Synopses & Reviews
The editing of Thomas Wolfe's first novel, originally titled O Lost, has been the subject of literary argument since its 1929 publication in abridged form as Look Homeward, Angel. This powerful coming-of-age novel tells the rich story of Eugene Gant, a young North Carolina man who longs to escape the confines of his small-town life and his tumultuous family. At the insistence of Maxwell Perkins, the legendary editor at Charles Scribner's Sons, Wolfe cut the typescript by 22 percent. Sixty-six thousand words were omitted for reasons of propriety and publishing economics, as well as to remove material deemed expendable by Perkins. To be published for the first time on October 3, 2000 -- the centenary of Wolfe's birth -- O Lost presents the complete text of the novel's manuscript.

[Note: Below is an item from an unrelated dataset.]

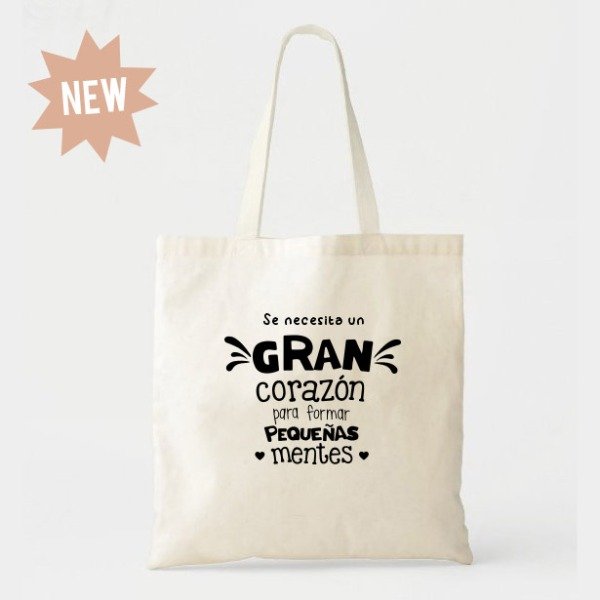 Producto - Tote bag Dia del Maestro y la Maestra 2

For seventy years Wolfe scholars have speculated about the merits of the unpublished complete work and about the editorial process -- particularly the reputed collaboration of Perkins and Wolfe. In order to present this classic novel in its original form as written by Wolfe, the text has been established by Arlyn and Matthew J. Bruccoli from the carbon copy of the typescript and from Wolfe's pencil manuscript. In addition to restoring passages omitted from Look Homeward, Angel, the editors have corrected errors introduced by the typist and other mistakes in the original text and have explicated problematic readings. An introduction and appendixes -- including textual, bibliographical, and explanatory notes -- reconstruct Wolfe's process of creation and place it in the context of the publishing process.